Housing Tax Policy, A Series: Part 55 - Housing and Wealth

Here's an interesting speech that I happened upon recently (HT: Matthew Klein via Noah Smith)
"Philip Lowe: National wealth, land values and monetary policy" 
Address by Mr Philip Lowe, Deputy Governor of the Reserve Bank of Australia, to the 54th Shann Memorial Lecture, Perth, 12 August 2015.
Mr. Lowe's commentary is mostly devoted to Australia, but the issues apply just as well to the U.S., and, in fact, I think the universality of these issues in developed economies may explain how problems that originate in localized housing politics may have aggregated into a problem that affects global fixed income markets.  Much of Mr. Lowe's discussion builds around this issue:
almost three-quarters of the increase in the ratio of net wealth to GDP since the late
1980s is explained by higher land prices.
This isn't quite the case in the U.S.  It should be, but we threw our housing sector into disequilibrium in 2007.  Australia didn't.  But, even before that, it looks to me like housing only accounted for more like half of the increase in wealth to GDP in the U.S.  I suspect that one reason is that foreign corporate investments are a larger portion of U.S. wealth.  This doesn't show up so much in book values in the U.S. capital account, but it does show up in the market value of U.S. corporations.  The first factor he cites in raising those prices is lower inflation and less financial regulation.  I had originally intuited that as a significant factor in rising home prices, myself, before I began this series of posts.  I outlined Friday why I don't think the data confirms that intuition.  In addition to the confounding pieces of evidence I discussed in that post, I have discussed previously how rising home square footage is another piece of evidence that looks at first blush like it is a sign of overbuilding, but may actually be a result of supply constraints.  Since I wrote that post, I have come to that view even more strongly, since the concentration of those supply constraints in the core cities should cause an even larger substitution of square footage for lot size.

Lowe continues:
The second factor is the combination of strong population growth and the structural difficulties of increasing the effective supply of residential land....They include the challenges of developing land on the urban fringe and of rezoning land close to city centres for urban infill. They also include, in some areas, underinvestment in transportation infrastructure. This underinvestment has effectively constrained the growth in the supply of “well-located” land at a time when demand for this type of land has grown very strongly. The result has been a higher average price of land in our major cities. Another possible structural explanation is that the higher land prices reflect an upward revision to people’s expectations of future income growth and thus the amount they are prepared to pay for housing services. One possible reason for this is that the growth of our cities generates a positive externality – by bringing more people together competition is improved and productivity is higher. While this might be part of the story, I think it is unlikely to be a central part. Real income growth per capita did pick up markedly from around the mid 1990s, but it has subsequently slowed substantially, with apparently little effect on the price of land relative to income. So the story is really one of increased borrowing capacity, strong population growth and a slow supply response.
....work done by my colleagues at the Reserve Bank of Australia (RBA) has estimated that a rise in wealth of $100 leads to a rise in non-housing spending of between $2 and $4 per year. (11)....Interestingly, other colleagues at the RBA have recently been examining this idea, again using household level data from the HILDA Survey.13 They find clear evidence in favour of a collateral channel, especially for younger households who are more likely to be credit constrained. In contrast, they find no evidence in favour of the traditional pure wealth effect. Instead, their evidence is consistent with the alternative expected-income idea. Perhaps, the most intriguing aspect of their results is that when housing prices in a particular area increase, renters in that area increase their consumption. The increase is not as large as for owner occupiers, but it is an increase. The conclusion that my colleagues reach is that it is a common third factor such as higher expected future income, or less income uncertainty, that is, at least partly, responsible for the observed association between housing wealth and spending.
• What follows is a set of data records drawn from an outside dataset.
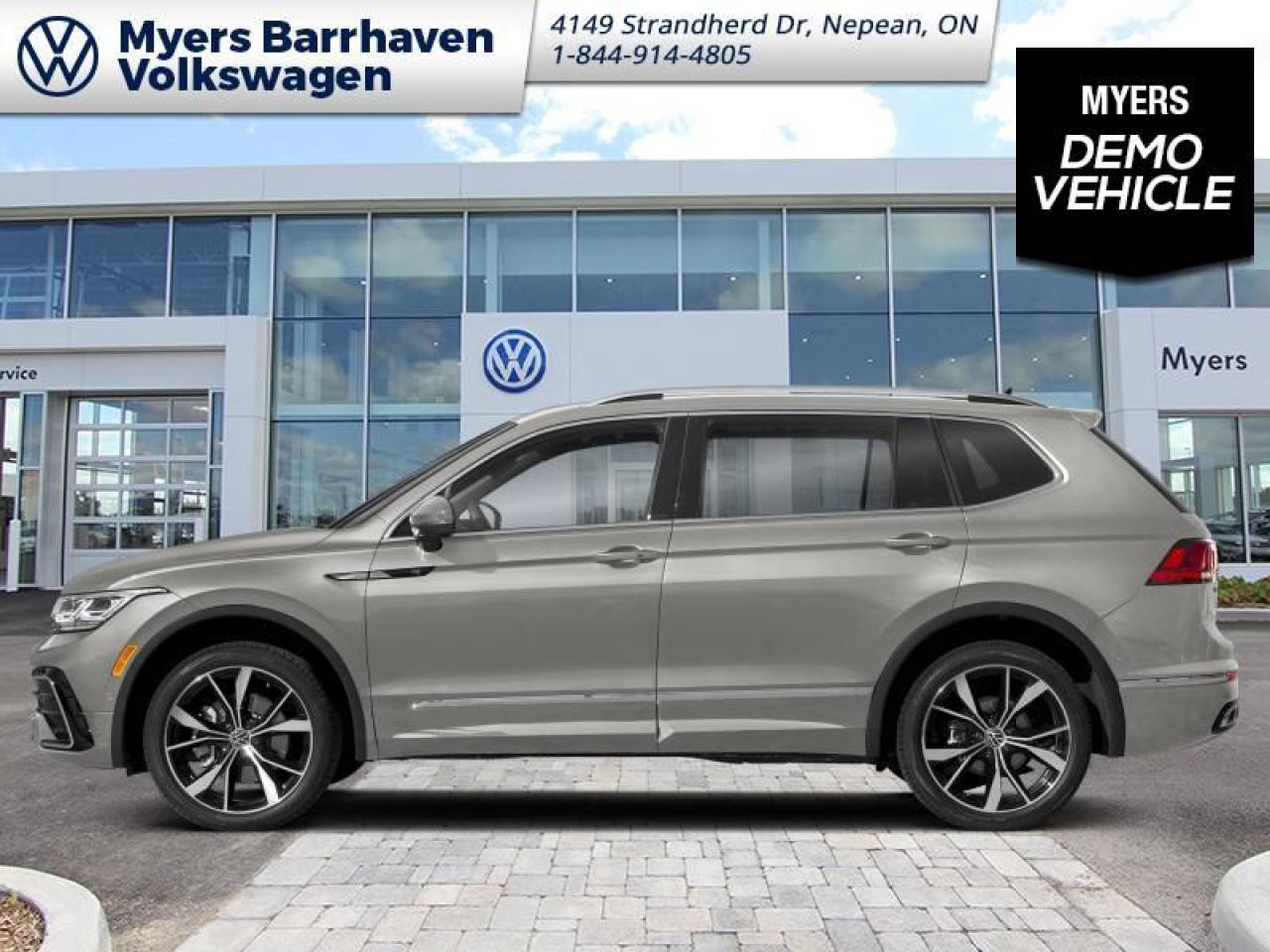 <b>Third Row Package!</b><br> <br> <br> <br>  Designed with you in mind, this 2024 Tiguan does more than offer tons of tech, it makes it all easy to use. <br> <br>Whether its a weekend warrior or the daily driver this time, this 2024 Tiguan makes every experience easier to manage. Cutting edge tech, both inside the cabin and under the hood, allow for safe, comfy, and connected rides that keep the whole party going. The crossover of the future is already here, and its called the Tiguan.<br> <br> This pyrite silver metallic SUV  has an automatic transmission and is powered by a  2.0L I4 16V GDI DOHC Turbo engine.<br> <br> Our Tiguans trim level is Highline R-Line. This range-topping Tiguan Highline R-Line is fully-loaded with ventilated and heated leather-wrapped seats with power adjustment, lumbar support and memory function, a heated leather-wrapped steering wheel, an 8-speaker Fender audio system with a subwoofer, adaptive cruise control, a 360-camera with aerial view, park distance control with automated parking sensors, and remote engine start. Additional features include an express open/close sunroof with tilt and slide functions and a power sunshade, rain detecting wipers with heated jets, a power liftgate, 4G LTE mobile hotspot internet access, and an 8-inch infotainment screen with satellite navigation, wireless Apple CarPlay and Android Auto, and SiriusXM streaming radio. Safety features also include blind spot detection, lane keep assist, lane departure warning, VW Car-Net Safe & Secure, forward and rear collision mitigation, and autonomous emergency braking. This vehicle has been upgraded with the following features: Third Row Package.  This is a demonstrator vehicle driven by a member of our staff and has just 17597 kms.<br><br> <br>To apply right now for financing use this link : <a href=https://www.barrhavenvw.ca/en/form/new/financing-request-step-1/44 target=_blank>https://www.barrhavenvw.ca/en/form/new/financing-request-step-1/44</a><br><br> <br/>    3.99% financing for 84 months. <br> Buy this vehicle now for the lowest bi-weekly payment of <b>$306.69</b> with $0 down for 84 months @ 3.99% APR O.A.C. ( Plus applicable taxes -  $840 Documentation fee. Cash purchase selling price includes: Tire Stewardship ($20.00), OMVIC Fee ($12.50). (HST) are extra. </br>(HST), licence, insurance & registration not included </br>    ).  Incentives expire 2025-01-31.  See dealer for details. <br> <br> <br>LEASING:<br><br>Estimated Lease Payment: $294 bi-weekly <br>Payment based on 4.99% lease financing for 48 months with $0 down payment on approved credit. Total obligation $30,643. Mileage allowance of 16,000 KM/year. Offer expires 2025-01-31.<br><br><br>We are your premier Volkswagen dealership in the region. If youre looking for a new Volkswagen or a car, check out Barrhaven Volkswagens new, pre-owned, and certified pre-owned Volkswagen inventories. We have the complete lineup of new Volkswagen vehicles in stock like the GTI, Golf R, Jetta, Tiguan, Atlas Cross Sport, Volkswagen ID.4 electric vehicle, and Atlas. If you cant find the Volkswagen model youre looking for in the colour that you want, feel free to contact us and well be happy to find it for you. If youre in the market for pre-owned cars, make sure you check out our inventory. If you see a car that you like, contact 844-914-4805 to schedule a test drive.<br> Come by and check out our fleet of 30+ used cars and trucks and 100+ new cars and trucks for sale in Nepean.  o~o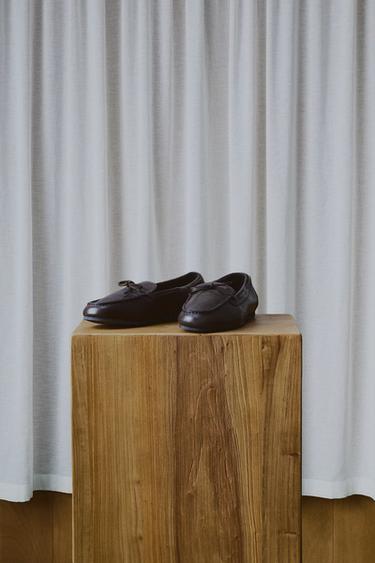 AARON LEVINE X ZARA LEATHER PENNY LOAFERS - Brown by Zara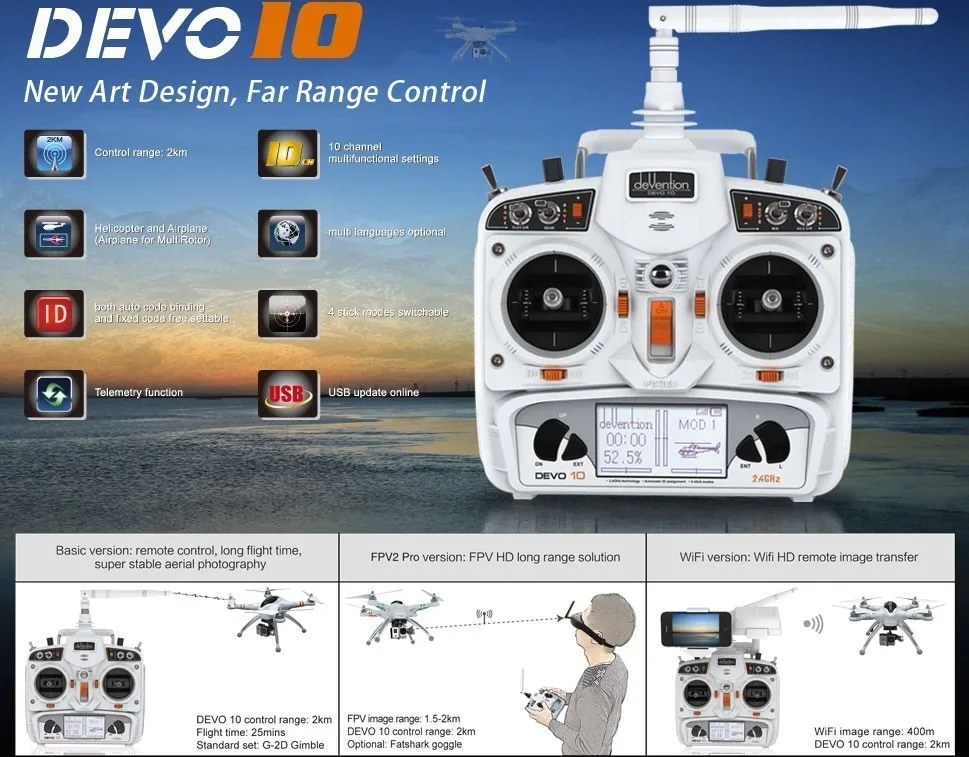 Оригинальный черный Walkera Devo 10 пульт дистанционного управления DEVO10 передатчик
That last point is interesting, and I think ties in with this NBER paper from Hsieh and Moretti that I recently discussed, which suggested that housing constraints in high productivity cities cause some of that productivity to be captured as economic rents by laborers and real estate owners in the city.  The Windsor, Jääskelä and Finlay paper he cites finds that when home prices rise, there is no measurable wealth effect that leads to growth in consumption.  Instead there is some credit expansion for credit constrained households and there is, surprisingly, increased consumption for both owners and renters, which they take as a signal of increased income expectations.  (I think we could also say that the credit expansion, in the aggregate, is related to positive future income expectations.)  I think it is plausible that the base causal factor here, given a city with high or increasing productivity, could be the housing constraint, which limits labor inflows to the city, pushing up wages and real estate rents.  This would lead to higher real estate rents and values, and to higher income expectations, credit usage, and consumption from both renting and owning households.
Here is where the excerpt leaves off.